CSE 373 Assignment 3

Due April 21 2000

This is a programming assignment, and so you must follow all the guidelines specific to programming assignments.

You will implement a new data structure, called a Split. (This is not a standard name or a standard data structure.) A Split is like a binary search tree for two-dimensional data. For example, suppose you have a bunch of cities on a map, and want to be able to look up a city based on its (x,y) coordinate, and perhaps find some of its neighbors. A normal list or binary search tree isn't much help here because the data has no natural linear ordering. You could try ordering by one coordinate or the other, but then nearby cities could be far away from each other in the data structure.

We will create a tree structure that has four children per node, instead of the two children we were used to with binary search trees. A node will either be a leaf (containing info about one city), or a "split" node. Split nodes represent a rectangular area on the map, and the four children correspond to the four quadrants of that rectangle.

Note that this is slightly different from the way binary search trees work, because here all the data is in the leaves.
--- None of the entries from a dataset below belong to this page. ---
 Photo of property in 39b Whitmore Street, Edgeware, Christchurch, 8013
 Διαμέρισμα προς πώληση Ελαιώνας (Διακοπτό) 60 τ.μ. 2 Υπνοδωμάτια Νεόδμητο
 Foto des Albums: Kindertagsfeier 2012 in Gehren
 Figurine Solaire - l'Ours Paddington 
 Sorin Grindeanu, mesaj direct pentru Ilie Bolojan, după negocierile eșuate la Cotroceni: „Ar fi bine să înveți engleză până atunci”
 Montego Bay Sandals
Interior split nodes have no city data.

Figure 1: a map containing several cities

In figure 2, we have divided the map into four large sections. These four sections are the children of the root node in the tree. The upper right node has no cities, so that pointer will be null. The upper left node has one city (Seattle), so that child pointer will point to a leaf node representing Seattle.

The lower left section of the map has two cities (Portland and SanFrancisco). A single leaf node isn't enough, so we divide that section into 4 subsections. The root's lower-left child pointer will point to a split node (call it LL). LL has four children of its own; two of them are null (the upper right and lower right) and two are leaves (upper left and lower left).
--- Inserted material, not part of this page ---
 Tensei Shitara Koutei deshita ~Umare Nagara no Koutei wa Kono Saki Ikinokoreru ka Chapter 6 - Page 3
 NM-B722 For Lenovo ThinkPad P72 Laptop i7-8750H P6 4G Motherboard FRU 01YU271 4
How did we decide the way in which to split up the map? A very simplistic method is used -- whenever you need to split a section because you have more than one city there, divide the section right down the middle (both in x and y). You'll note that the split in the lower right (the lines are at x=6000, y=6000) didn't accomplish much. The three cities are still all in one section after that first split, and another split was necessary to separate them.

Figure 2: a map that has been split

It would have been better to split the lower right section at x=5000, y=7000, as shown in figure 3.
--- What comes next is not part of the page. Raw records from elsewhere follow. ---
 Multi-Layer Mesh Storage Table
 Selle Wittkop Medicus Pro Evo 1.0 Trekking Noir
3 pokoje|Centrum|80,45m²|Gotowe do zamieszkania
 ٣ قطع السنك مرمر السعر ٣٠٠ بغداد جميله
However, this would require more smarts than we will have time for. Using the data to decide where to split is known as an adaptive technique (the data structure "adapts" to different input data).

Figure 3: a more efficient way to do the split--we will not try to do this!!

Here is a more direct representation of the tree structure for the example in figure 2.

You are given the following files:

split.h: declarations of structures and various functions. You are not allowed to change anything in this file
split.cpp: skeleton code for the ADT. The main( ) routine is provided, as well as a number of support routines (such as dump). You will write the core operations, as marked by TODO comments in the code.
split.txt: a sample input file

There is also a sample solution provided so you can see what is supposed to happen.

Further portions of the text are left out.